Mais toutes les connaissances ne sont pas explicites, formalisées par des mots, des nombres, des données, des formules scientifiques, beaucoup d’entre elles sont informelles et implicites. Ce sont des connaissances tacites, hautement personnelles et difficiles à formaliser, rendant difficile la communication et le partage avec d’autres hors des échanges directs qui permettent l’apprentissage par imitation, le développement de solutions intuitives des problèmes. Ces connaissances ne peuvent pas être transmises par les systèmes d’information comme Internet (Brodhag, 2011).

Identifier et qualifier des bonnes pratiques ne suffit pas à ce qu’elles se diffusent spontanément. Ce n’est pas exclusivement du fait de sa performance technique qu’une solution s’impose, mais aussi et surtout sa capacité à tisser un réseau d’alliés. Cette approche développée par la sociologie de l’innovation (ou théorie de l’acteur réseau) considère de façon concrète les mécanismes d’enrôlement qui permettent de créer ce réseau d’alliance (Akrich, Callon, & Latour, 1988). Des chaînes de traductions permettent des transformations successives de l’innovation et la mobilisation progressive d’acteurs individuels ou collectifs autour de cette innovation.

Il faut donc envisager l’ensemble des processus de connaissance, d’apprentissage collectif et individuel, et dans lesquels l’Internet n’est qu’un des éléments. La capitalisation des expériences, la recherche et la formation telles qu’envisagées à travers les Pôles intégré d’excellence (Brodhag, 2011) (Benessahraoui, 2012), pourrait utiliser les différentes possibilités du web 2. Des communautés réelles et présentielles peuvent utilement utiliser dans leur fonctionnement les technologies de l’information, pour véhiculer des informations sur l’organisation de leurs travaux, les comptes rendus de réunions… Les téléconférences, les échanges en vidéo, les classes virtuelles… peuvent prolonger à distance des échanges présentiels.

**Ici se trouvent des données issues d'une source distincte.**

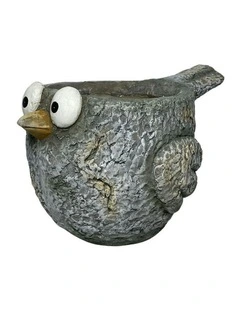 Magnesium Curious Bird Planter 41cm in Grey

L’architecture des systèmes d’information et des réseaux pour le développement durable, devrait s’appuyer sur une véritable ontologie .

Un projet de partenariat

En cohérence avec la Stratégie de la Francophonie numérique qui promeut une société de l’information inclusive, ouverte, transparente et démocratique, un nouveau partenariat est envisagé sur l’information pour la gouvernance et l’innovation pour le développement durable.

Il pourrait porter la réflexion générale et la mobilisation de moyens sur l’information pour le développement durable, et développer des projets comme par exemple :

Un projet terminologique, est envisagé pour identifier les concepts clés dans chaque spécialité, identifier les liens (convergences et tension) pour faciliter la compréhension. Il pourra conduire à un dictionnaire.

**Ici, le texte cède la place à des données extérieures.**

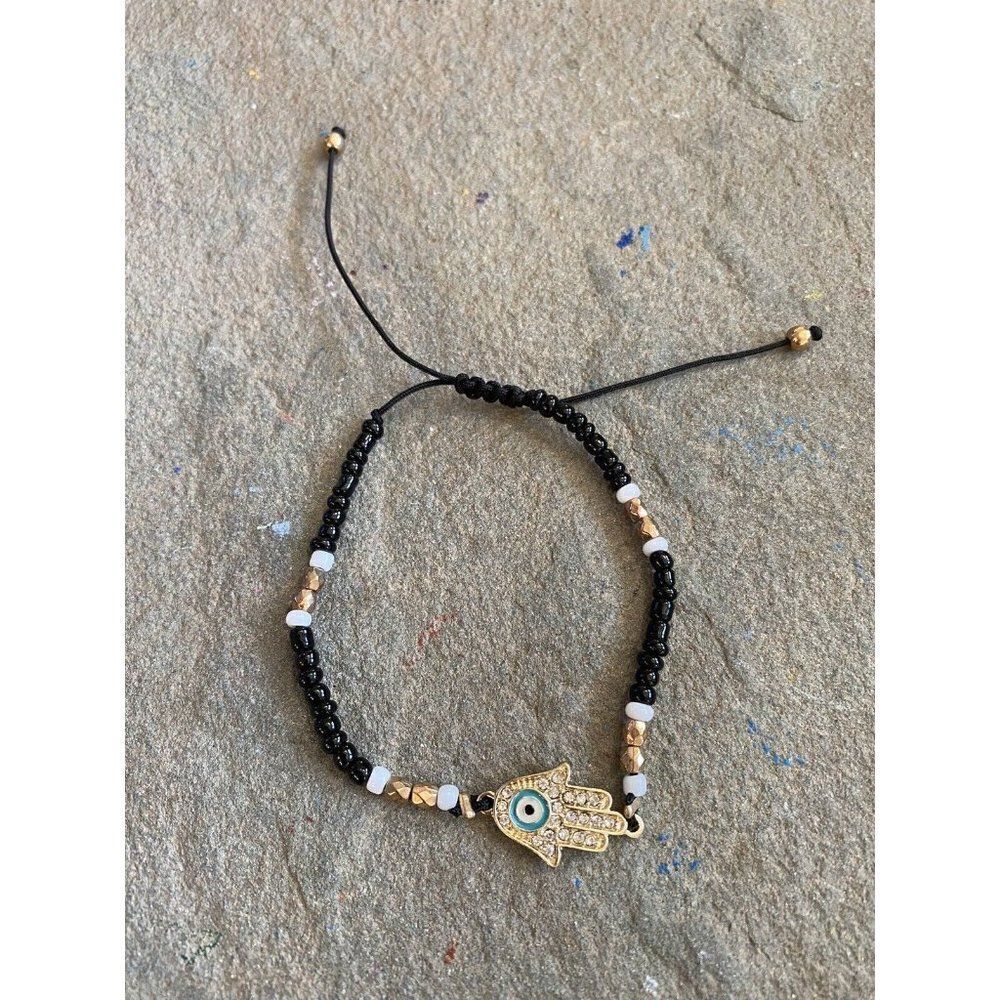 Beaded Bracelet Evil Eye Black Gold White Adjustable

Des bases de données de bonnes pratiques devraient pouvoir être intégrées dans des systèmes permettant de déployer des réseaux d’innovation et les communautés « alliées ». C’est l’architecture proposée pour Agora 21, déjà déployée au niveau européen pour la construction durable (construction21.eu) et qui pourrait l’être pour différentes partenariats envisagés dans l’espace francophone.

Enfin le projet de Pôle intégré d’excellence (PIE), envisagé de façon expérimentale sur l’énergie dans l’Afrique de l’Ouest, vise à produire et diffuser des connaissances sur la base de projet. Ces PIE pourraient être les nœuds d’un réseau de production et de diffusion de connaissance.

Bibliographie

Akrich, M., Callon, M., & Latour, B. (1988). A quoi tient le succès des innovations ? 1 : L’art de l’intéressement. Annales des Mines, Gérer et comprendre.(11), pp. 4-17.

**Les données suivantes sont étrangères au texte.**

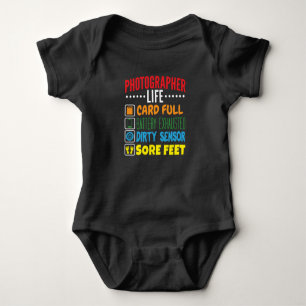 Funny Photographer Life Checklist Baby Bodysuit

Bellinger, G., Castro, D., & Mills, A. (s.d.). Data, Information, Knowledge, and Wisdom, Informations collective. Consulté le 04 23, 2012, sur Systems Thinking: http://www.systems-thinking.org/dikw/dikw.htm

Benessahraoui, H. (2012, juin). Vers des pôles intégrés francophones pour le développement durable. Liaison, Energie-Francophonie(n° spécial Rio + 20).

Brodhag, C. (2011, 1er trimestre). Connaissances, réseaux et développement durable. (I. d. (IEPF), Éd.) Liaison Energie Francophone (87), 64-72.

CNUED. (1992). Agenda 21. Rapport de la Conférence des Nations Unies sur l’environnement et le développement, 3-14 juin 1992, A/CONF.151/26 (Vol. III). Rio de Janeiro.

United Nations. (2012). The future we want, Submitted by the co-Chairs, January 10, 2012. New York: United Nations.